For bigger stores, split state into slices and compose them. This is the closest Zustand gets to Redux’s structure, and it scales further than people expect:

const createFishSlice = (set) => ({
  fishes: 0,
  addFish: () => set((s) => ({ fishes: s.fishes + 1 })),
})

const createBearSlice = (set) => ({
  bears: 0,
  addBear: () => set((s) => ({ bears: s.bears + 1 })),
})

export const useStore = create((...a) => ({
  ...createFishSlice(...a),
  ...createBearSlice(...a),
}))

The other thing I reach for constantly is the persist middleware. Saving state to localStorage in Redux usually means wiring up a subscriber or pulling in another package. In Zustand it’s a wrapper around the store you already wrote, and it just works:

import { create } from 'zustand'
import { persist } from 'zustand/middleware'

export const useSettings = create(
  persist(
    (set) => ({
      theme: 'light',
      setTheme: (theme) => set({ theme }),
    }),
    { name: 'app-settings' },
  ),
)

That’s the whole thing. Theme survives a refresh, and I didn’t have to think about serialization or hydration timing for the common case. The first time I needed persisted state in a Redux app it took me most of a morning and a library I later regretted adding.

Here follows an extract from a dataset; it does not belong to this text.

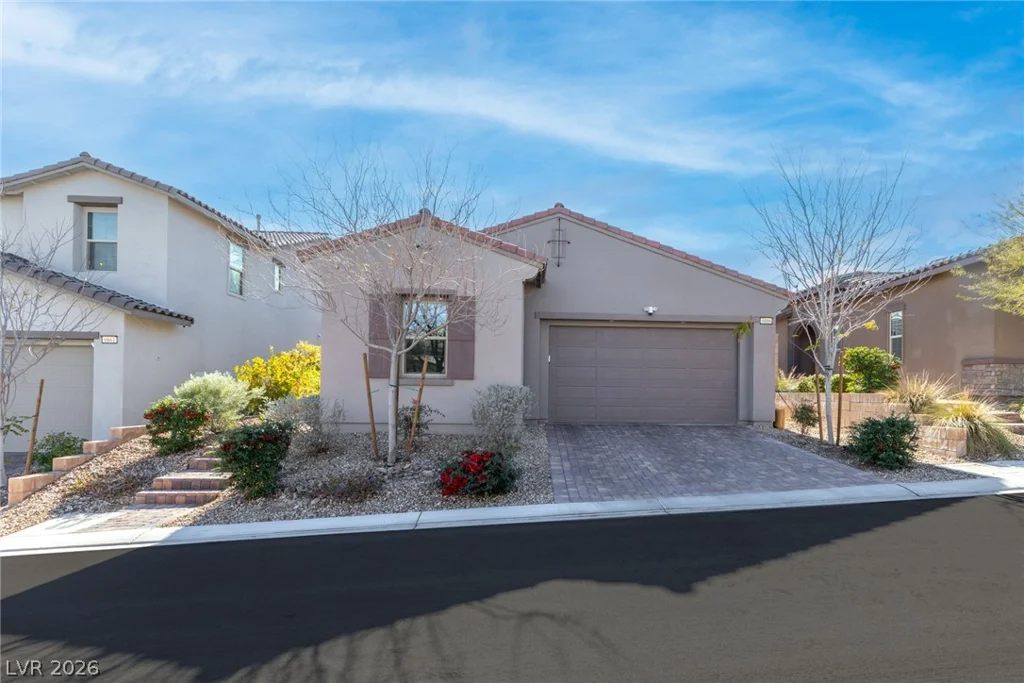 9869 Heather Moore, Las Vegas, NV 89166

One thing worth saying clearly: this is client state. For data that lives on a server, neither Zustand nor Redux is the right tool, and I wrote about why in my post on why I reach for TanStack Query instead of useEffect. Mixing the two, server cache in a global store, is how state management gets a bad name.

When I still reach for Redux

I want to push back on my own enthusiasm here, because “just use Zustand” is the kind of hype I usually complain about.

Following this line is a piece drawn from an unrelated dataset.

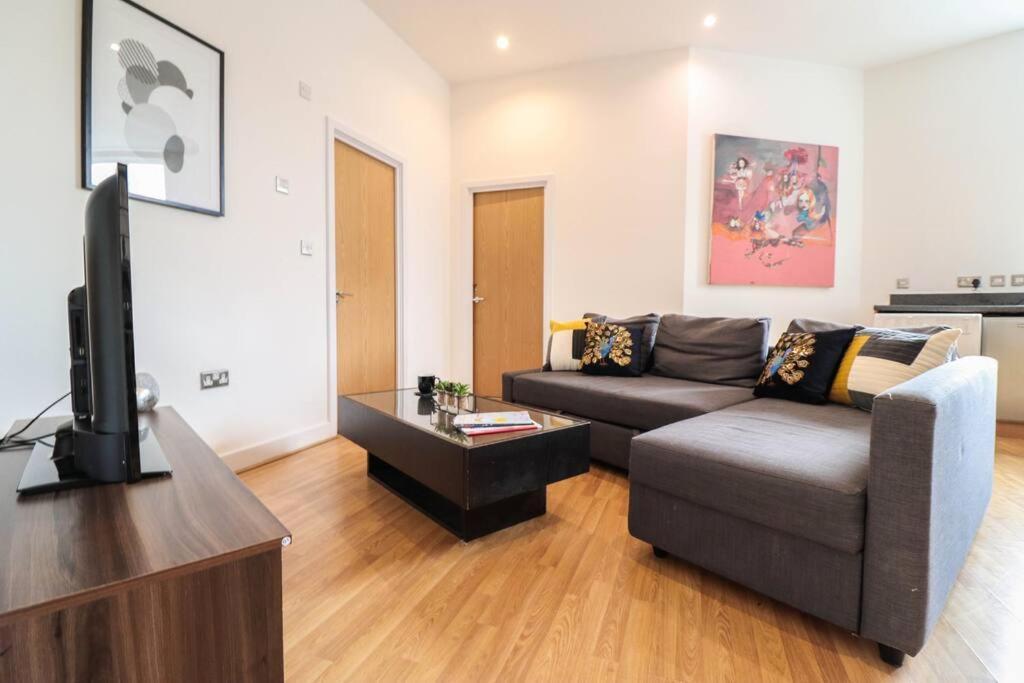 Camber Hill - Long Stay Offer London Ngoại thất bức ảnh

I still pick Redux when the app’s whole value is the state itself. Think a complex editor, a trading view, anything where you’ll want to replay actions, undo and redo across many entities, or hand a new engineer a predictable mental model on day one. The action log isn’t ceremony there. It’s the feature. Redux Toolkit’s RTK Query also folds data fetching into the same store, and if your team already lives in Redux, adding another library to learn is a real cost, not a footnote.

What I’ve stopped doing is reaching for Redux by default on every new project because it’s what I knew. That habit cost me a lot of boilerplate over the years for apps that were really just holding a handful of values. I dig into more of these “what I actually use” calls in my work and writing, since most of my opinions here came from getting it wrong first.

What to try this week

Pick one feature in your app that uses Redux for genuinely simple state: a theme toggle, a modal’s open or closed flag, a small filter. Rebuild just that one store in Zustand and wire up the two or three components that touch it. Don’t migrate the whole app, that’s a different decision with a real cost. Just get one slice working so the difference stops being abstract. An afternoon is plenty. By the end of it you’ll have a much clearer sense of which side of the line your project actually sits on, which beats any blog post, including this one.